*** Opening of GIVEN INFORMATION ***

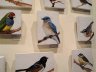 DSC02082.jpg 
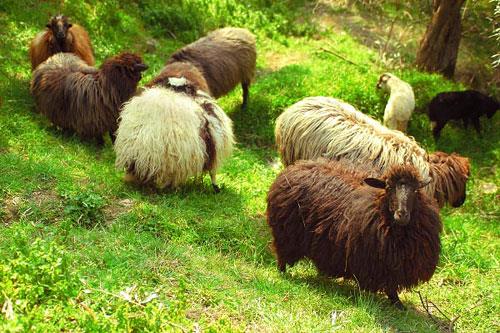 Animals grazing on the field PELION (Mountain) MAGNESSIA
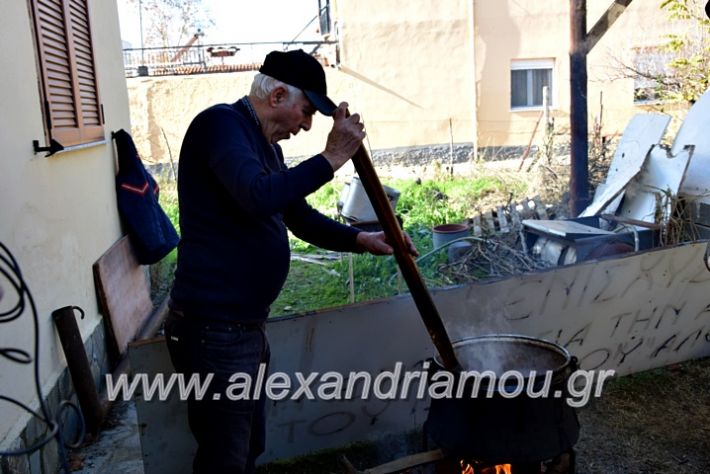 alexandriamou.gr_lonapgrounoxara19DSC_0087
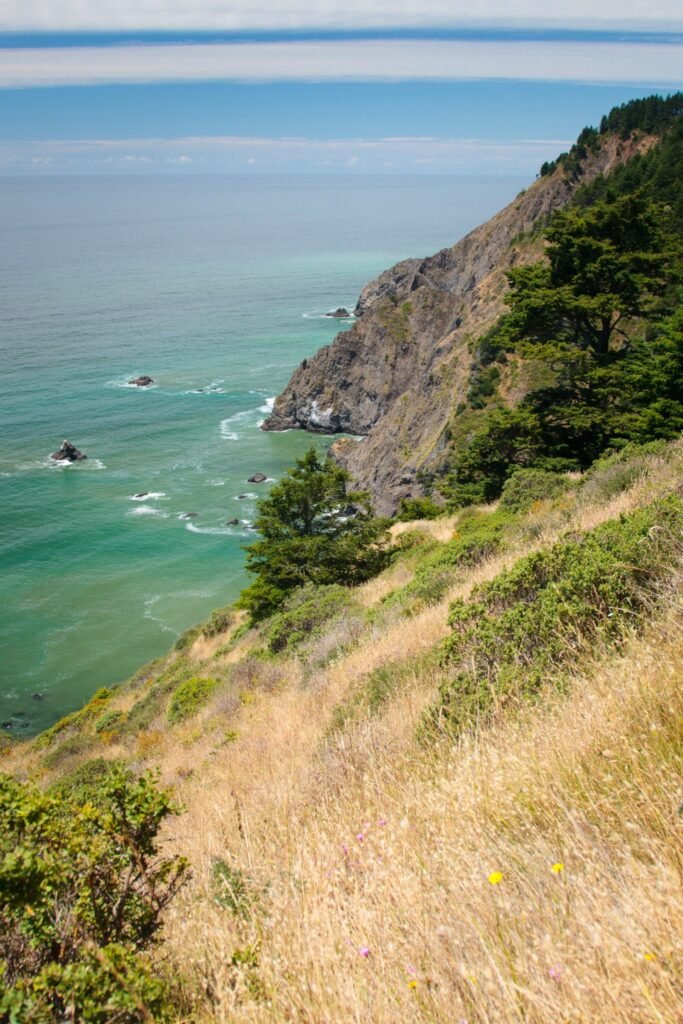 A coastal viewpoint featuring a steep, forested hillside overlooking emerald-green ocean waters. The foreground filled with dry, golden grasses suggests late summer weather.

*** Close of GIVEN INFORMATION ***

DESCRIPTION OF THE TASK :: Drop the pictures and give every line above again exactly.

PROBLEM SOLUTION ::
 DSC02082.jpg 
 Animals grazing on the field PELION (Mountain) MAGNESSIA
 alexandriamou.gr_lonapgrounoxara19DSC_0087
 A coastal viewpoint featuring a steep, forested hillside overlooking emerald-green ocean waters. The foreground filled with dry, golden grasses suggests late summer weather.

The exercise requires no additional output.